100 things to do this winter

The local newspaper has a nifty-neato list of 100 things to do this winter. I think the original idea is to put together a survival guide to slog your way through the long, dark, cold days but, ever the optimist, I actually enjoy winter and try not to see it as a burden. At least that’s what I think this time of year. Ask me again in February and I might be singing a different tune.

I’ll strike off what I’ve already done this winter and re-visit the list occasionally to mark more and more items off.

1. Walk the dog even when it’s really cold. (it’s the best time to have an empty park all to yourself)

2. Buy a pair of gloves you can drive in.

3. Make friends with someone who owns a hot tub.
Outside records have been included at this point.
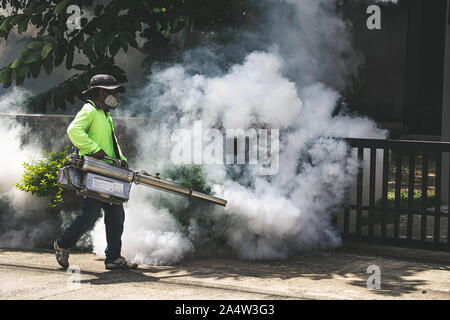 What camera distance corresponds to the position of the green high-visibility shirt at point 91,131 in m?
7.15

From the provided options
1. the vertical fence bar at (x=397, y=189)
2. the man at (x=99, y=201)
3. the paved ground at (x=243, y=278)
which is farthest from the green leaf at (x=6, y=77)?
the vertical fence bar at (x=397, y=189)

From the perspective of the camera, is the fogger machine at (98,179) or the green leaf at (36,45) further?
the green leaf at (36,45)

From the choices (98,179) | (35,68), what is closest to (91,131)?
(98,179)

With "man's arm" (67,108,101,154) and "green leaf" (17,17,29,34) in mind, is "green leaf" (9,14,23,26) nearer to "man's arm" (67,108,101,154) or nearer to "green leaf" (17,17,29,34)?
"green leaf" (17,17,29,34)

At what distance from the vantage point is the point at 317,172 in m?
8.30

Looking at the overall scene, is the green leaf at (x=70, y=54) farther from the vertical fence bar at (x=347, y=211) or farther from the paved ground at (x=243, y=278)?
the vertical fence bar at (x=347, y=211)

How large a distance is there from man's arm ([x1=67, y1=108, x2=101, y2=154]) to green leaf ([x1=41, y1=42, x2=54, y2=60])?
268 centimetres

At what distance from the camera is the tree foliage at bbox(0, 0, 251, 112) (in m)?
9.17

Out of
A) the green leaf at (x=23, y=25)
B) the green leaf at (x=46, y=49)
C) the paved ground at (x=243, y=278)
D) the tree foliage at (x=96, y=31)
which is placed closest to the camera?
the paved ground at (x=243, y=278)

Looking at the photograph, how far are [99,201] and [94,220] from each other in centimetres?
20

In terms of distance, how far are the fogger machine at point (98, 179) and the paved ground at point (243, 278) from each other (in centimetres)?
77

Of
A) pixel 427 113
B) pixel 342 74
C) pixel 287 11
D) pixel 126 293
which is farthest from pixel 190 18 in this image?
pixel 427 113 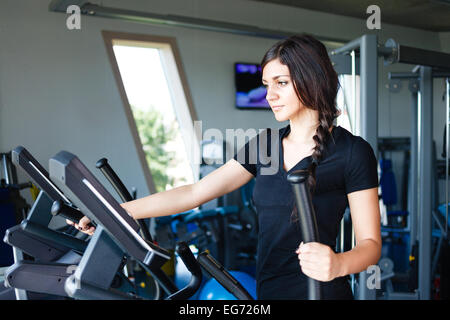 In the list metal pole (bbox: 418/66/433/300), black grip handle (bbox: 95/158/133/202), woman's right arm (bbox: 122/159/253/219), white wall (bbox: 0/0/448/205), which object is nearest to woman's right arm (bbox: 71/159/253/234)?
woman's right arm (bbox: 122/159/253/219)

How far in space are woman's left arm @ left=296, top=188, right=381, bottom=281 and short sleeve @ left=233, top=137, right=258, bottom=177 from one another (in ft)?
1.02

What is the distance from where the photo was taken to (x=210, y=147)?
598 centimetres

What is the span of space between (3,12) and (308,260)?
501 cm

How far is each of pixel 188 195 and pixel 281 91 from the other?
0.41 meters

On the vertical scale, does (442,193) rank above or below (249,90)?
below

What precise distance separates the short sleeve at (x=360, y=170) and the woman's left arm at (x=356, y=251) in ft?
0.05

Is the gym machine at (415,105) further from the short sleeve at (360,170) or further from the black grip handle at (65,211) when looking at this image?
the black grip handle at (65,211)

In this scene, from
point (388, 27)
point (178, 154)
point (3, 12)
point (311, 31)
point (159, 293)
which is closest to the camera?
point (159, 293)

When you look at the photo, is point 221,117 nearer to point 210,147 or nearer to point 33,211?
point 210,147

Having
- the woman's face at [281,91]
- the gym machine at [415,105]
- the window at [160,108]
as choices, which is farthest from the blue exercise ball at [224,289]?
the window at [160,108]

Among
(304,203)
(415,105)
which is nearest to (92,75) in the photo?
(415,105)

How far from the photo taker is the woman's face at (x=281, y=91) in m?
1.21

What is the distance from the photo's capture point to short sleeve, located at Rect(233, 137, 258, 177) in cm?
137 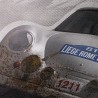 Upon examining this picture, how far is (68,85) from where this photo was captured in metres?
2.85

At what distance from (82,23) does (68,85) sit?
3.52 ft

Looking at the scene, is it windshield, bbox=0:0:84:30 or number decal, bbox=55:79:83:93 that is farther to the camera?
windshield, bbox=0:0:84:30

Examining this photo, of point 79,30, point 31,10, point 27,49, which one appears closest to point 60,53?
point 27,49

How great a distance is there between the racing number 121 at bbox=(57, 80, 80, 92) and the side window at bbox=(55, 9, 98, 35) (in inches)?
31.8

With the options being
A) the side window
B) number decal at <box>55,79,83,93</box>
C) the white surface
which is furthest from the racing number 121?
the white surface

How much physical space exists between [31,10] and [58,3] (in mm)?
727

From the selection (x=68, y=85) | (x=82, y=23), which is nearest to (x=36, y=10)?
(x=82, y=23)

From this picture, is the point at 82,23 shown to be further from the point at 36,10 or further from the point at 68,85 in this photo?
the point at 36,10

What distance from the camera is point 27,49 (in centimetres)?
320

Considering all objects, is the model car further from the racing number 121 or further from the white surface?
the white surface

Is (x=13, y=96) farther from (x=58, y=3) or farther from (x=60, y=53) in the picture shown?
(x=58, y=3)

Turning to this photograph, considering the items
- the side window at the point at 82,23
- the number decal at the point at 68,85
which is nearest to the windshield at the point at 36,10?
the side window at the point at 82,23

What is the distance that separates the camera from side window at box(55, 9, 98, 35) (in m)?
3.55

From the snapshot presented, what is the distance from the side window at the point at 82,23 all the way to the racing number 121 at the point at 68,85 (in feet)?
2.65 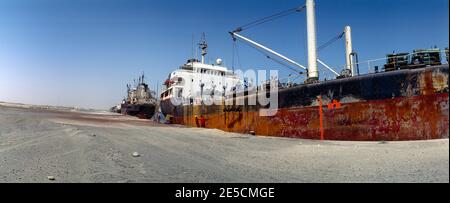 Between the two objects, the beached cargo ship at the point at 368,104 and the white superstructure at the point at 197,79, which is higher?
the white superstructure at the point at 197,79

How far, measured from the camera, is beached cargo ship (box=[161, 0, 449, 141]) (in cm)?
1169

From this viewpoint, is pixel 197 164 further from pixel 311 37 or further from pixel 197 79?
pixel 197 79

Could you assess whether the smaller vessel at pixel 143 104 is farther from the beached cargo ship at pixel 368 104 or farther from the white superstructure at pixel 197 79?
the beached cargo ship at pixel 368 104

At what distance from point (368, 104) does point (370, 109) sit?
23cm

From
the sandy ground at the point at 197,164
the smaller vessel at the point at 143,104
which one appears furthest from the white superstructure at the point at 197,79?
the sandy ground at the point at 197,164

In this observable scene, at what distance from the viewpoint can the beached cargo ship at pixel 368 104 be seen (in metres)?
11.7

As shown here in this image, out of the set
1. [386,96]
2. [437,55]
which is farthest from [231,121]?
[437,55]

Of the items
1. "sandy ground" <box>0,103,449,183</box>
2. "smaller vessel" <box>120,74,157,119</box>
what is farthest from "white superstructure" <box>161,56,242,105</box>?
"sandy ground" <box>0,103,449,183</box>

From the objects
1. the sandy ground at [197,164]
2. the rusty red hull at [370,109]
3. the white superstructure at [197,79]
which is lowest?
the sandy ground at [197,164]

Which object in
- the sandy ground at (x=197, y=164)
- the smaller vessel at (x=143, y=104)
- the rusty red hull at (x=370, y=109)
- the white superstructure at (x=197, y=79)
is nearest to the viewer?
the sandy ground at (x=197, y=164)

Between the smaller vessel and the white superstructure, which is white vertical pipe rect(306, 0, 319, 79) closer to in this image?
the white superstructure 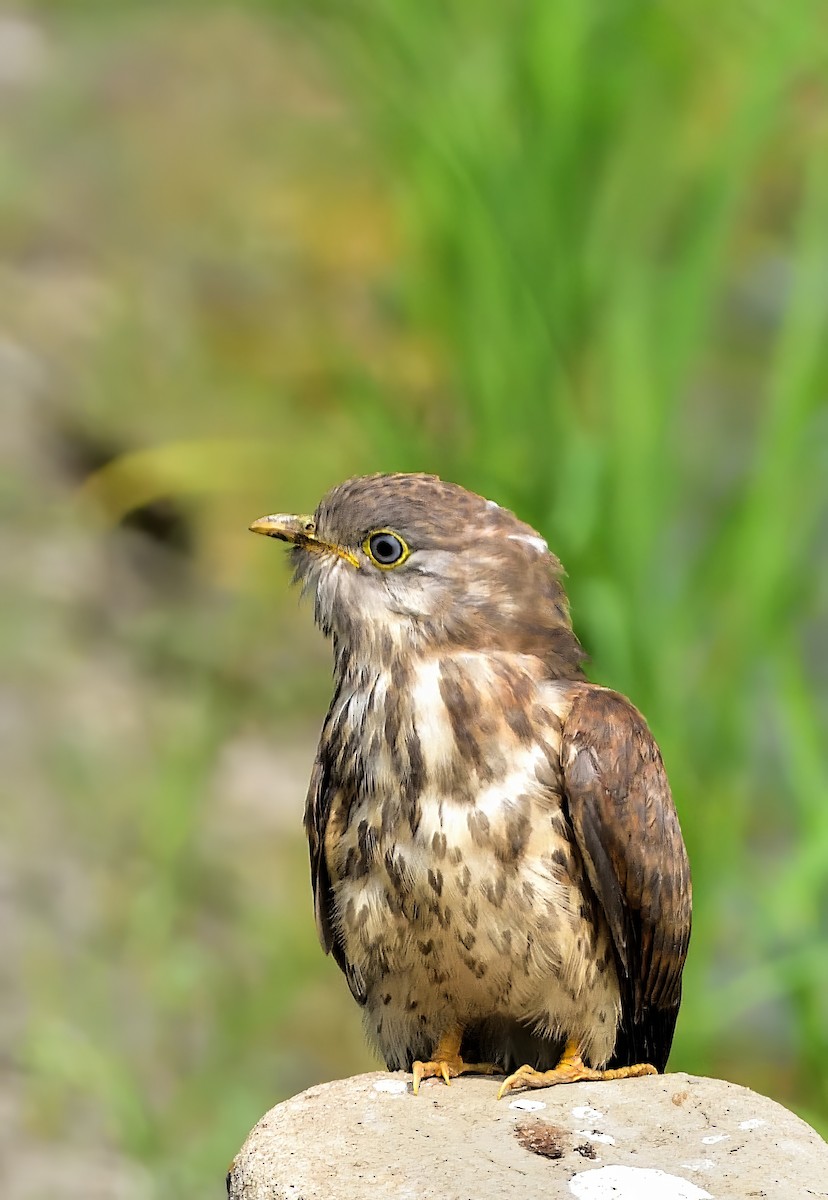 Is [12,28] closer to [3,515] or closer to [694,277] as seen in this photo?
[3,515]

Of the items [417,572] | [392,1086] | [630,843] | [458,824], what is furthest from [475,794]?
[392,1086]

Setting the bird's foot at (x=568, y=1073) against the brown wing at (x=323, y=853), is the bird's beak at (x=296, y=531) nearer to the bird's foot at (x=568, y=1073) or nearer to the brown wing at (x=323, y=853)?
the brown wing at (x=323, y=853)

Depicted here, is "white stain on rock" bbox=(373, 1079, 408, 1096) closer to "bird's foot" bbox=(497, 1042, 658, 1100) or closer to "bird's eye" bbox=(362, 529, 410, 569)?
"bird's foot" bbox=(497, 1042, 658, 1100)

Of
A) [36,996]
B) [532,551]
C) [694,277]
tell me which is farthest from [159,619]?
[532,551]

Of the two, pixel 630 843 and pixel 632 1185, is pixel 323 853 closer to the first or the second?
pixel 630 843

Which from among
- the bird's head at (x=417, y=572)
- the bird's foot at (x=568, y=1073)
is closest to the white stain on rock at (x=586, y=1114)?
the bird's foot at (x=568, y=1073)

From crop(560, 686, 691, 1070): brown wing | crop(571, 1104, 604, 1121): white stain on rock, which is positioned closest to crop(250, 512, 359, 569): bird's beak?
crop(560, 686, 691, 1070): brown wing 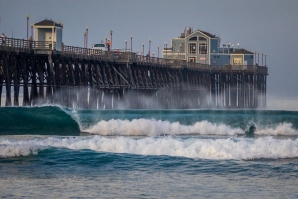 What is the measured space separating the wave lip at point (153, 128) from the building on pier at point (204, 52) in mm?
69282

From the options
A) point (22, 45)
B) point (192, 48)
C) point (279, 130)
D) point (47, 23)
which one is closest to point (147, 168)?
point (279, 130)

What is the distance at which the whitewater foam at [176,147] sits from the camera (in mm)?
28391

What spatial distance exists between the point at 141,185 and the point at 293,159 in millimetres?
7737

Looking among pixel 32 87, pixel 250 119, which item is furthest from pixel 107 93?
pixel 250 119

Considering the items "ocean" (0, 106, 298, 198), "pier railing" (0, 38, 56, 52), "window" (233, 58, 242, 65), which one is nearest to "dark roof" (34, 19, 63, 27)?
"pier railing" (0, 38, 56, 52)

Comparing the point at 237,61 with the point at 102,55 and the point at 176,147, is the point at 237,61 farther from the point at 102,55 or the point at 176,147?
the point at 176,147

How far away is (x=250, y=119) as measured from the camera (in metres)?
47.7

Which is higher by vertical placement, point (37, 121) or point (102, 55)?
point (102, 55)

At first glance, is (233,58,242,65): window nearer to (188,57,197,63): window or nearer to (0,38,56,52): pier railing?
(188,57,197,63): window

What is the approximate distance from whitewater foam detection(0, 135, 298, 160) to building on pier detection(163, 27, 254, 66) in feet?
275

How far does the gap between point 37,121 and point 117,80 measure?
1141 inches

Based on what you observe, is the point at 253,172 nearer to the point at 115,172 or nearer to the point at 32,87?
the point at 115,172

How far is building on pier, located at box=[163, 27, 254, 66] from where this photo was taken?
115 meters

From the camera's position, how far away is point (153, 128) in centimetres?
4300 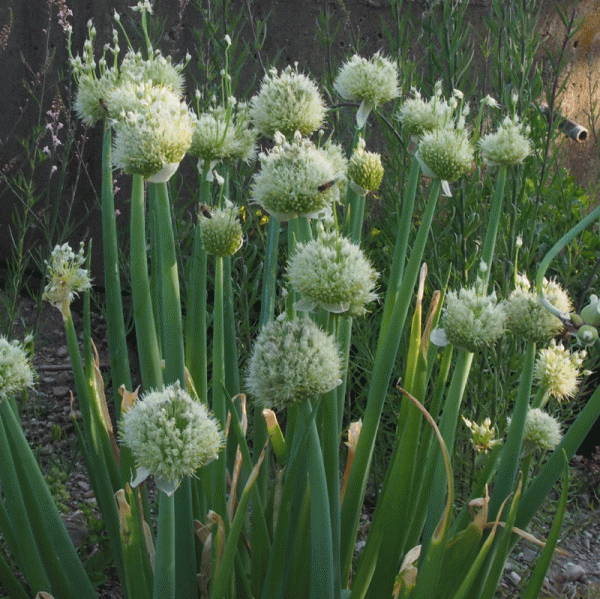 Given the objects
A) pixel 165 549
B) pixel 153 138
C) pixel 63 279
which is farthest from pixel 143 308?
pixel 165 549

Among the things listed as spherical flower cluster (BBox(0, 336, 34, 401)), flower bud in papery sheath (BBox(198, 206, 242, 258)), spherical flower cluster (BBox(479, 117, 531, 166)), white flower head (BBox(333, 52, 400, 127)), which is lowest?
spherical flower cluster (BBox(0, 336, 34, 401))

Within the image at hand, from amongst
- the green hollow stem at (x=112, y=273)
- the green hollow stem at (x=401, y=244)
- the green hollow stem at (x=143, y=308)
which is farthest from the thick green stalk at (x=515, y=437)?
the green hollow stem at (x=112, y=273)

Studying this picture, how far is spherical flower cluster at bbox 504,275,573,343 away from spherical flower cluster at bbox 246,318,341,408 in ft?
1.05

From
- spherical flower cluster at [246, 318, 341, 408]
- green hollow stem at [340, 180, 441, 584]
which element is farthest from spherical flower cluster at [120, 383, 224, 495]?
green hollow stem at [340, 180, 441, 584]

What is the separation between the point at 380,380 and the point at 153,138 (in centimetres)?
62

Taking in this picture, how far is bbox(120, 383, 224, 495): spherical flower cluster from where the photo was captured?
0.96m

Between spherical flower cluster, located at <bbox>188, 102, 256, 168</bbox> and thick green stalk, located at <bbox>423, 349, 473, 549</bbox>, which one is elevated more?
spherical flower cluster, located at <bbox>188, 102, 256, 168</bbox>

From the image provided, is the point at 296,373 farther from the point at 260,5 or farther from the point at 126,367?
the point at 260,5

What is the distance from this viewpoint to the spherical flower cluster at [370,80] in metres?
1.42

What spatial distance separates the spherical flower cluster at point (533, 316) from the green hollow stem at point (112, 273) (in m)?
0.80

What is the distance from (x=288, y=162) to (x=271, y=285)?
544mm

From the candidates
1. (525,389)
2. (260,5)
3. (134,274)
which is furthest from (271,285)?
(260,5)

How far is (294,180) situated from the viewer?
3.59 feet

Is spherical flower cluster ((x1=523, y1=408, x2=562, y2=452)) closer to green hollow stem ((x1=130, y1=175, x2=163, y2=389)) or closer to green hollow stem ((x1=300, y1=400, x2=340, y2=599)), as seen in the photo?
green hollow stem ((x1=300, y1=400, x2=340, y2=599)) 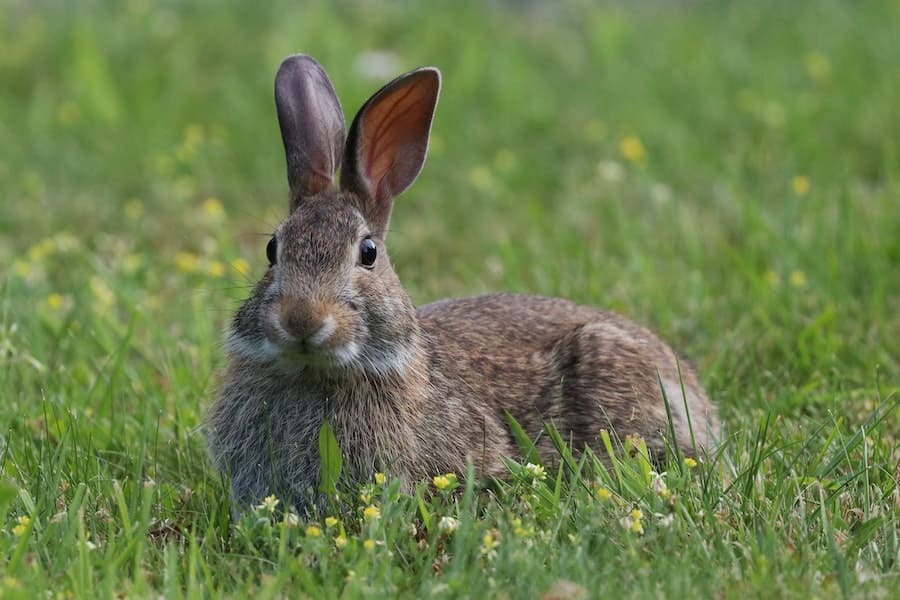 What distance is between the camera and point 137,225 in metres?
7.93

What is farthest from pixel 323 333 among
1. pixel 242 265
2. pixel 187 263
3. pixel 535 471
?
pixel 187 263

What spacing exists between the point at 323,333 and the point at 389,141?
40.4 inches

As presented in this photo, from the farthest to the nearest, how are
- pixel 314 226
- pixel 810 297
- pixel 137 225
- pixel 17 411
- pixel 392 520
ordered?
pixel 137 225 → pixel 810 297 → pixel 17 411 → pixel 314 226 → pixel 392 520

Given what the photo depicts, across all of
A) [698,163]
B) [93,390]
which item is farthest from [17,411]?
[698,163]

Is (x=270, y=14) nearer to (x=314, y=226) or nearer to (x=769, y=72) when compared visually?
(x=769, y=72)

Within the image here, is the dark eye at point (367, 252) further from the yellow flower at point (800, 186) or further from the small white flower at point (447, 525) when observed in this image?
the yellow flower at point (800, 186)

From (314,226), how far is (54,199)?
4.26 metres

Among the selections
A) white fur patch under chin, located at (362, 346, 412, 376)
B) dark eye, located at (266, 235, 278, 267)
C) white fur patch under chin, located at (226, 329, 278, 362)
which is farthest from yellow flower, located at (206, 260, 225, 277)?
white fur patch under chin, located at (362, 346, 412, 376)

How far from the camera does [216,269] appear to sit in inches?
268

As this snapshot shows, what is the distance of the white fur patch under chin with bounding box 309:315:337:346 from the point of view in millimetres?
4000

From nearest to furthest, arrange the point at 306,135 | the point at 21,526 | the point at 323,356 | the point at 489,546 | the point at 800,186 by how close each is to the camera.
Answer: the point at 489,546, the point at 21,526, the point at 323,356, the point at 306,135, the point at 800,186

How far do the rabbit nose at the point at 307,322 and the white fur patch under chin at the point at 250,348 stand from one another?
134mm

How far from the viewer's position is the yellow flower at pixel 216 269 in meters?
6.70

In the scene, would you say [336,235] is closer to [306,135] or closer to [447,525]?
[306,135] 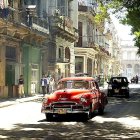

4. Light candles on the dinner table.

5. Shovel someone else’s driveway.

6. Have your coffee “for here.”

7. Use your grill because you can.

8. Put hand cream and static spray in your desk drawer.

9. Eat seasonal fruit: oranges, pears, pomegranate, kiwi, persimmon.

10. Snuggle.

11. If you have a truck, be ready to pull someone out of a ditch.

12. Snowball fight!

13. Know someone who owns a Santa Claus suit. You never know when you might need one.

14. Find your neighborhood sledding hill. Try it out.

15. Get one pair of soft, warm long underwear.

16. Plant an amaryllis.

17. Ice skate on Westchester Lagoon.

18. Have a bonfire.

19. Invest in a warmer jacket than you think you need.

20. Snowshoe along a frozen stream.

21. Drive east and admire the star on the mountain.

22. Auto-start.

23. Use a humidifier. (don’t need one in this snug-as-a-bug 5-star house)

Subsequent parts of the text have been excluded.